If you suspect that you are
allocating a lot of large objects (85,000 bytes or bigger), check the Large
Object Heap (LOH) size. This is updated at the same time as Allocated
Bytes/sec.
A high allocation rate can cause a
lot of collection work and as a result might be reflected in a high % Time in
GC. A mitigating factor is if objects usually die young, since they will
typically be collected during a Gen 0 collection. To determine how object
lifecycles impact collection, check the performance counters for Gen
collections: # Gen 0 Collections, # Gen 1 Collections, and # Gen 2 Collections.
These show the number of collections that have occurred for the respective
generation since the process started. Gen 0 and Gen 1 collections are usually
cheap, so they don't have a big impact on the application's performance. Gen 2
collectors however, can be very expensive.
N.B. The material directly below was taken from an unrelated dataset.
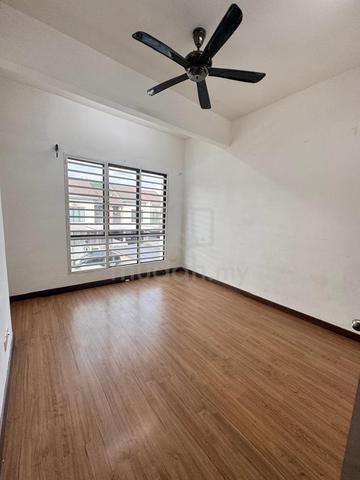 Double Storey Taman Ainsdale Murni Labu Seremban 5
As a rule of thumb, a healthy ratio
between generation collections is one Gen 2 collection for every ten Gen 1
collections. If you are seeing a lot of time spent in garbage collection, it
could be that Gen 2 collections are being done too often. You should check this
ratio to ensure there aren't too many Gen 2 collections relative to the number
of Gen 1 collections.
You may find that % Time in GC is
high but the allocation rate is not high. This can happen if many of the
objects you allocate survive garbage collection and are promoted to the next
generation. The promotion counters—Promoted Memory from Gen 0 and Promoted
Memory from Gen 1—can tell you if the promotion rate is an issue. You want to
avoid a high promotion rate from Gen 1. This is because you may have a lot of
objects that live long enough to be promoted to Gen 2 but don't live long
enough to stay in Gen 2. And once promoted to Gen 2, these objects become more
expensive to collect than if they had died in Gen1. (This phenomenon is called
midlife crisis. Take a look at blogs.msdn.com/41281.aspx for more details.) The CLR Profiler can help you find out which objects
live too long.
High values for the Gen 1 and Gen 2
heap sizes are usually associated with high values in the promotion rate
counters. You can check the GC heap sizes by using Gen 1 heap size and Gen 2
heap size. There is a Gen 0 heap size counter, but it doesn't measure Gen 0
size. Instead, it indicates the budget of Gen 0—meaning how much you can
allocate in Gen 0 before the next Gen 0 collection will be triggered.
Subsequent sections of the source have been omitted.